Entetse Boitshwarelo PIC: THALEFANG CHARLES
 
Entetse Boitshwarelo PIC: THALEFANG CHARLES

Boitshwarelo, who was an independent council candidate during the 2019 general elections, petitioned the election results saying they were not free and fair. A panel of three judges Ketlogetswe, Omphemetse Motumise, Itumeleng Segopolo heard his appeal.

The majority judgement dismissed Boitshwarelo’s election petition case with costs Wednesday afternoon.   “In the present case two things, in my judgement, occurred.

Firstly there was a mistake by the voters in the manner they marked their respective ballot papers by not marking in the space provided for making the X cross on the  ballot paper. I do not agree that a voter can make X cross anywhere on the ballot paper including on the spaces for the party symbol or abbreviation, or party name as happened in some ballot papers now sought impugned.

The design of the ballot paper by the IEC is the exercise of a power granted by statutory provisions in terms of the Electoral Act. Voters, in my judgement cannot choose how and where to place their mark when voting. They must comply with the directions of the IEC if certainty is to be objectively ascertained in the making of their choice. Every voter must vote in the prescribed manner,” Justice Ketlogetswe said.

He said the fact that there are no rules under the Act prescribing how a ballot paper should be designed by the appropriate authority being the IEC cannot be valid excuse for creating uncertainty and room for conjecture in the conduct of elections, where everything is left for guess work and suppositions.

In addition Ketlogetswe said there is no version from IEC as to how or to why the ballot papers now sought to be impugned were accepted by the returning officer.

In Ketlogetswe’s view if the argument is that if those ballot papers are rejected ought to be, the concerned voters would thereby be disenfranchised, they only have themselves to blame.

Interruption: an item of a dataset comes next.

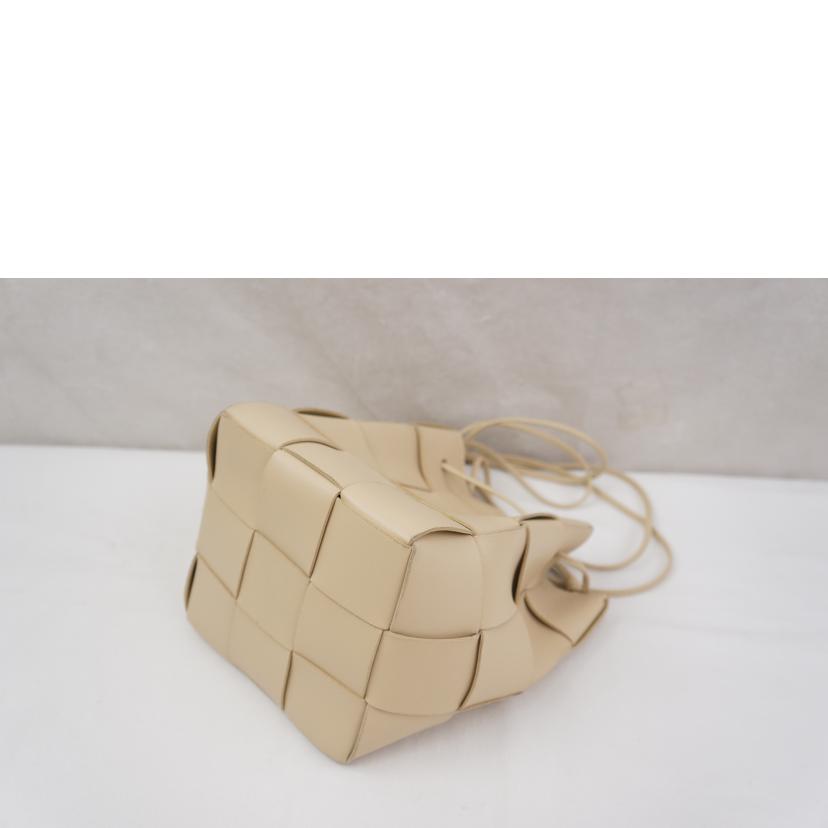 BOTTEGA ボッテガヴェネタ/スモールカセットクロスボディ//ABランク/67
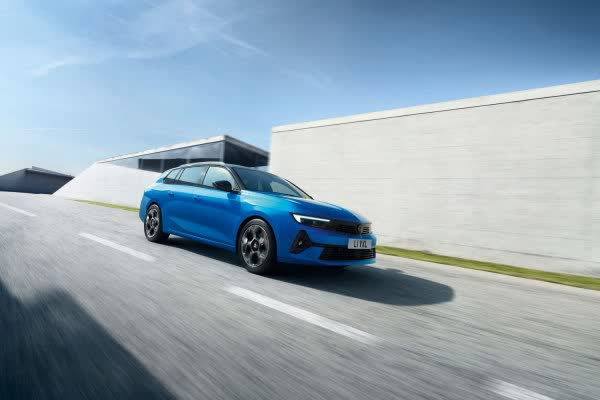 Full specifications and technical details 2023 Vauxhall Astra Mk VIII Sports Tourer 1.6 Turbo (225 Hp) Plug-in Hybrid Automatic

“ They would have failed to comply with a method of voting authorised by the IEC in terms of the way the ballot paper has been designated to ascertain, objectively and without surmise as what the voter may have intended,” he said. Ketlogetswe said the presiding officer had contravened the Electoral Act by accepting the 26 ballot papers now sought to be impugned.

In Ketlogetswe’s judgement, the appeal had succeeded.  The majority judgement by Justices Segopolo and Motumise said: “the ballot papers in question were valid and Kgosiesele was dully elected as councillor for Mmashoro ward. The elections were free and fair. The intention of the voter was clear on which party he had wanted to vote and therefore those ballot papers cannot be rejected simple because the mark was not in a designated box but rather by party symbol”.